Given Fairfax’s cds portfolio, it is difficult to imagine a scenario where Fairfax did not understand and try to profit from the corruption in the system. By taking cds positions against MBIA, Ambac, Radian, AIG, etc., Fairfax knew that eventually the evidence against the bond insurers would be so overwhelming that the credit agencies would have to make the downgrades and in turn trigger Fairfax’s windfall. The real exposure in the system was not reflected in the institutions that were suppose to protect investors. Fairfax didn’t so much make a strategic trade that paid off when their vision of the future became reality, as they made a trade against the corruption in the system that paid off when the obsfucation could no longer be tolerated. Smart business or profiting from the corruption of others?
Conclusion:
I have no axe to grind with Fairfax Financial Holdings Ltd.. As far as I know, the company has not broken any laws and it’s only of interest to me because its operations touch on so many aspects of the financial crisis. The company can be seen as a microcosm of our sad world today. We cry foul when injustices are perpetrated against us, but cannot live our own lives devoid of unethical behavior. Even though Fairfax had been damaged by the greed and corruption in the financial system, it could not resist the temptation to take advantage of this same systemic weakness and corruption. Prem Watsa espoused the “value investing” of Benjamin Graham and then turned to a speculative opportunity (cds positions) that presented itself from a damaged system.

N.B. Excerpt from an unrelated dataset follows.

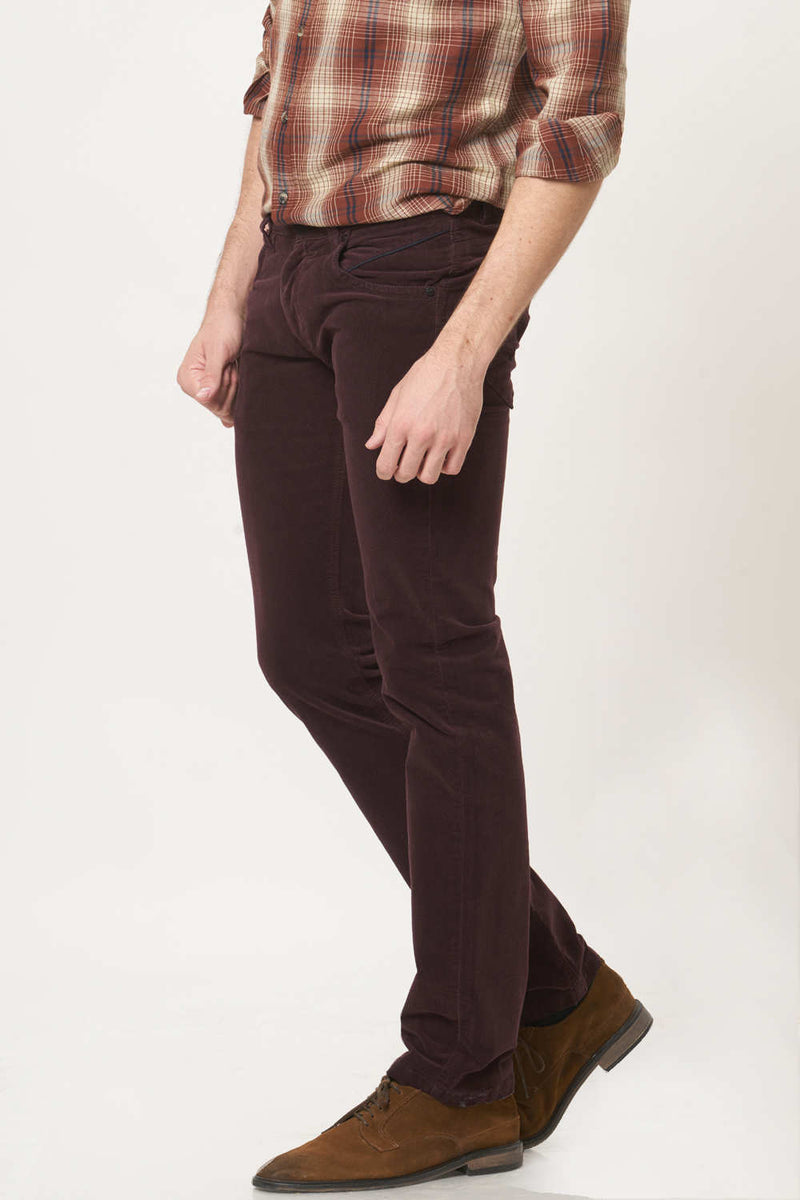 BASICS SKINNY FIT CORDUROY STRETCH TROUSER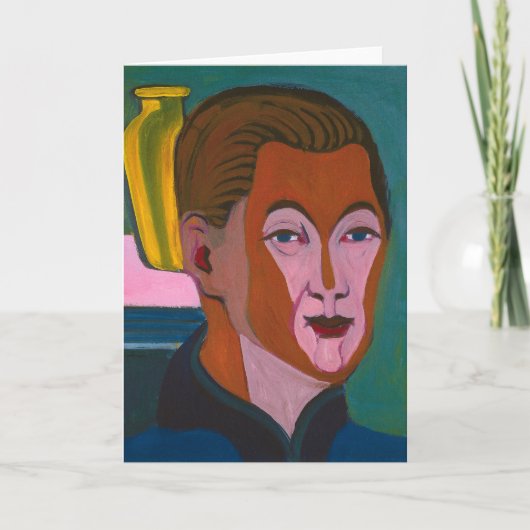 Selbstportrait | Ernst Ludwig Kirchner Karte (Vorderseite)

Fairfax might yet turn out to be a force for good. If its lawsuit against the hedge funds can expose the prevalence of corruption on Wall Street, then the court findings might lead to improved SEC regulations and enforcement. However, what is really needed is a paradigm shift that demands government take on a larger role in our lives. From finance to energy, the environment, climate change, and the Millienium Development Goals, our challenges have to be met by forward thinking governments and people willing to sacrifice profits for ethics.